I made some graphs about Enhancement Shaman to try to figure out if a closed-form model is even possible. Each point is the result of 10k hours run, giving a standard deviation of .0001. I'm almost certain that the Flurry model used is wrong, but that shouldn't effect the overall shape of the graphs.
Unless otherwise specified, all graphs use 25% crit, two 2.6 speed weapons, 0% haste, 22% hit.
Crit vs. Flurry uptime:
A nice smooth graph. 1 - (1 - crit^5.5) fits the data with an average error of .58%. Although WF and Flurry interactions are ugly, they appear to actually be insignificant enough that they may just be ignorable.
Crit vs.
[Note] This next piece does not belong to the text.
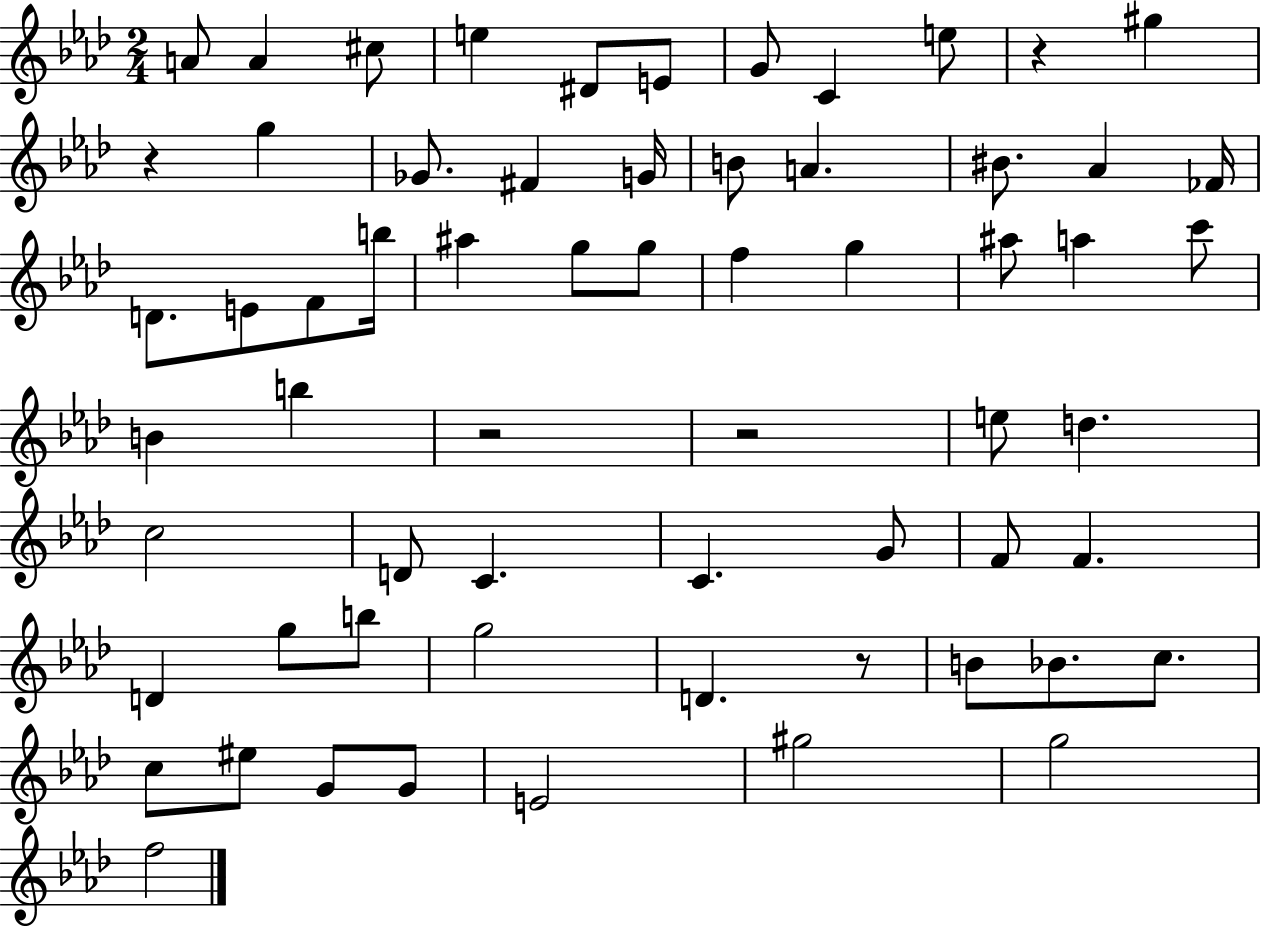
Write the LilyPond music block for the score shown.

WF proc rate:
Note that all of the bumps are significantly larger than the expected variation produced by the RNG, so it actually is that bumpy. However, note also the data range -- the proc rate varies from 15.70% to 15.59%. This is so minor as to be ignorable.
Overall, with weapons with matching speed, crit rate appears to not need a full set of simulations -- its effect on WF proc rate can simply be ignored, and flurry uptime merely requires a single run to find the exponent for a certain speed. If the same holds true for unmatched speed situations, then the required data set drops to 20480 runs.
Haste vs. WF Proc rate:
As the graph doesn't make it clear, the jumps are when the speed is (flurried/unflurried): 1.49/1.8, 1.361/1.614, and 1.27/1.49. Luckily, these are exactly where expected. Each individual section is non-linear, but the total variation is under .3% for all of the sections, which is low enough to ignore.
Haste vs. Flurry uptime:
The jumps are at the same points as with the WF proc graph (and are probably caused by the drop in WF procs). The individual sections fit an equation of the form uptime = b + m * haste, with m constant across all of the sections. My copy of Excel is missing the data analysis addin, and I don't really feel like doing a logarithmic regression by hand, so I don't know the exact values.
For weapons with matching speed, haste effects appear to need only 5-10 runs to build the complete curve. If unmatched speeds work in the same way, this makes the required data set drop to 6820 runs. In addition, the simulator I'm working with currently takes about 10 seconds per run. This would reduce the total time require to produce a data set down to 19 hours.
There's a lot more that I need to look into still, but it looks like although the interactions between haste effects and windfury are very complicated, it may be possible to simplify or ignore enough of them that it's possible to build a closed formula for shaman dps which is backed by a simulator-generated dataset in a realistic amount of time.